SSO login processing with registered OSSSO Agents (mod_osso) is similar to login processing with Webgates. However, mod_osso provides only authentication using OAM 11g authentication policies.

Note:

mod_osso does not support authorization either on its own or using OAM 11g policies.

Figure 12-3 illustrates the login processing with mod_osso and OAM 11g.

Figure 12-3 SSO Login Processing with OSSO Agents

SSO Login with OSSO Agents
Description of "Figure 12-3 SSO Login Processing with OSSO Agents"

Process overview: SSO Log-in Processing with OSSO Agents

  1. The user requests a resource.

  2. mod_osso forwards the request to OAM for policy evaluation.

  3. OAM:

    • Checks for the existence of an SSO cookie.

    • Checks policies to determine if the resource protected and if so, how?

  4. OAM Server logs and returns decisions.

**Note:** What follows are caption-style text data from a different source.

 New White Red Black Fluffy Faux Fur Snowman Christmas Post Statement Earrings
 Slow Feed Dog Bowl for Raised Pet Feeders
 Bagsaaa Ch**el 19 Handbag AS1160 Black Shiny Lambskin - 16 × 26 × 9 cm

  5. mod_osso responds as follows:

    1. Unprotected Resource: Resource is served to the user.

    2. Protected Resource:

      Request is redirected to the credential collector.

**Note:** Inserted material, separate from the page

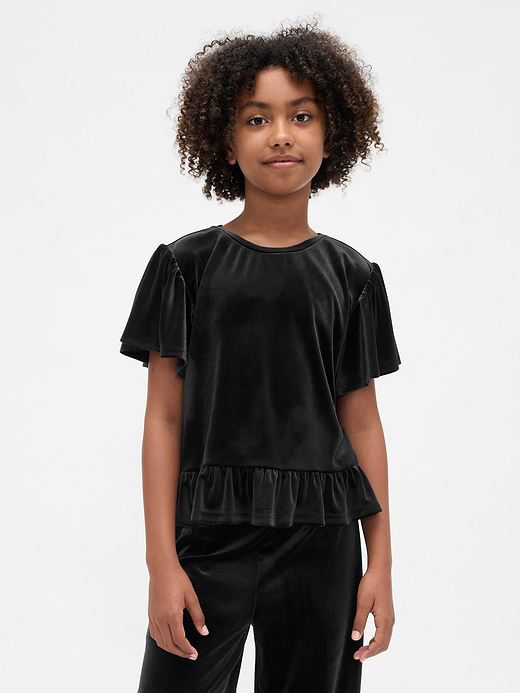 Gap Kids Velour Peplum Top — photo 1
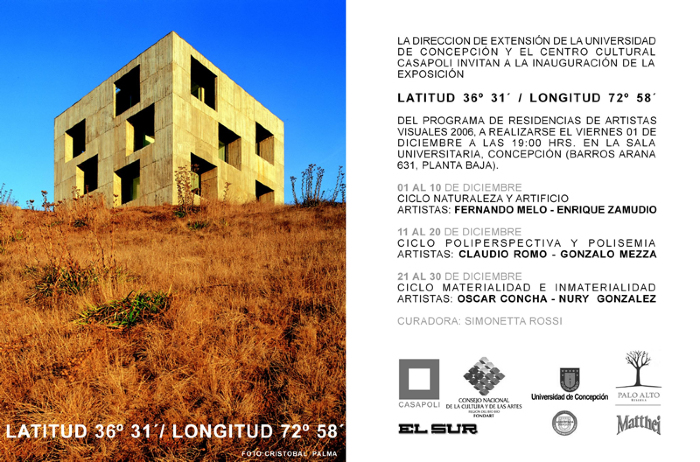 Invitación Latitud 36º 31' / Longitud 72º 58'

      The login form is served based on the authentication policy.

      Authentication processing begins

  6. User sends credentials.

  7. OAM verifies credentials.

  8. OAM starts the session, passes an authentication token to the application, and creates the following cookies:

    • One per partner: OHS_host_port

    • One for the OAM Server: OAM_ID

    • Global Inactivity Out: A domain-level cookie GITO

  9. OAM logs Success or Failure.

  10. Credential collector redirects to mod_osso, which transmits the simple header values that applications cab use to authorize the user:

  11. Resource is served upon authentication success and the OHS-host-port cookie is set.

12.7.4 About Single Sign-On Processing with Mixed Release Agents

OAM 11g Servers provide similar SSO run-time processing regardless of the Agent type or release.